Pengasingan dan Akhir Perjuangan Haji Misbach
Dengan tampilnya Misbach sebagai propagandis berpengaruh, Surakarta kembali memanas dengan aksi-aksi radikal memprotes kesewenang-wenangan pemerintah kolonial dan pemegang modal.
Pemerintah kolonial tidak tinggal diam, Misbach kembali ditangkap pada 20 Oktober 1923. Melalui keputusan landraad Semarang, Misbach dijatuhi hukuman pembuangan ke Manokwari, dengan tuduhan menghasut rakyat untuk melawan kebijakan pemerintah dan rencana gerakan anarkisme di Surakarta.
Protes terhadap keputusan sepihak Pemerintah Kolonial atas penangkapan Misbach banyak dimuat media-media perlawanan lokal. Simpati pun mengalir dari berbagai pihak. Kendati demikian pengasingan terhadap Misbach tetap dilakukan.
Pada 18 Juli 1924, Misbach dibawa ke Manokwari ditemani istri dan anak-anaknya (Shiraishi, 1997: 343). Sepanjang perjalanan Misbach memperoleh pengawalan ketat dan tidak diperkenankan turun di pelabuhan-pelabuhan yang disinggahi.
Sesampainya di Manokwari, pada tanggal 7 Agustus 1924, Misbach tetap memperoleh pengawasan selama di Manokwari. Meskipun demikian, ia tidak mengendorkan ambisinya dengan mendirikan Sarekat Rakyat Manokwari dengan anggota sekitar 20 orang.
Di tengah pembuangan, Misbach masih aktif menulis artikel di Medan Moeslimin, khususnya tentang hubungan antara Islam dan komunisme.
Namun lingkungan yang ditempati Misbach mengahalangi perjuangannya. Pada tahun 1925, ia meminta izin untuk berobat ke negeri Belanda karena ia dan keluarganya terserang TBC.
Medan Moeslimin dan Hoofdbestuur PKI mencoba mencari donasi untuk keberangkatan Misbach ke Belanda.

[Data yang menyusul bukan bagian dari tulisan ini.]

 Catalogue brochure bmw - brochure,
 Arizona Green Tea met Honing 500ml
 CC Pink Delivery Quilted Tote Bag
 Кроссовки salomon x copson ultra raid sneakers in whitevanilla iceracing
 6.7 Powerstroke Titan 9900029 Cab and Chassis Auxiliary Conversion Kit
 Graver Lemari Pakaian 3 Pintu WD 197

Namun uang yang dikumpulkan jauh dari cukup.
Akhirnya Misbach mengurungkan niatnya ke luar negeri dan tetap melanjutkan pergerakan. Namun kesehatan Misbach terus menurun setelah Misbach terserang Malaria. Ia pun meninggal pada 24 Mei 1926. Ia dimakamkan di Penindi Manokwari (Bakri, 2015: 127).

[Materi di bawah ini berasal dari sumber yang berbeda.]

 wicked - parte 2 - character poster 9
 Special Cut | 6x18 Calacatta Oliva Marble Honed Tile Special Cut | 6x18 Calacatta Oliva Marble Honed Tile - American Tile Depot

Meskipun sang Haji Merah telah meninggal, tetapi bukan berarti akhir bagi gerakan komunisme Islam. Beberapa santri pendukungnya tetap berusaha melanjutkan perjuangan dalam bingkai yang telah dirangkai Misbach.
Daftar Pustaka
Arifin, Syiaful, dkk. “Communication Style in Media Struggle,Misbach Communication Style in Early 20th Century”. International Journal of Multicultural and Multireligious Understanding (IJMMU), Vol. 6, No. 5, October 2019.

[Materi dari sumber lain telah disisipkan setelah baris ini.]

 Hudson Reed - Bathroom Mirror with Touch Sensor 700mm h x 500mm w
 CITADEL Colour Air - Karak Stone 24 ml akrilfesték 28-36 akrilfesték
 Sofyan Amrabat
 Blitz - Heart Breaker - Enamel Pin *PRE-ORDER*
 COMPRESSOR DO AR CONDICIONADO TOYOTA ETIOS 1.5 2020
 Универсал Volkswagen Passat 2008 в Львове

Bakri, Syamsul. Gerakan Komunisme Islam Surakarta 1914-1942. Yogyakarta: LKIS, 2015.
Gie, Soe Hok. Orang-Orang di Persimpangan Kiri Jalan. Yogyakarta: Bentang, 2005.
Mcvey, Ruth T. The Rise: of Indonesian Communism. Jakarta: Equinox, 2006.
Shiraishi, Takashi. Zaman Bergerak: Radikalisme Rakyat di Jawa 1912 – 1926. Jakarta: Pustaka Utama Grafiti, 1997.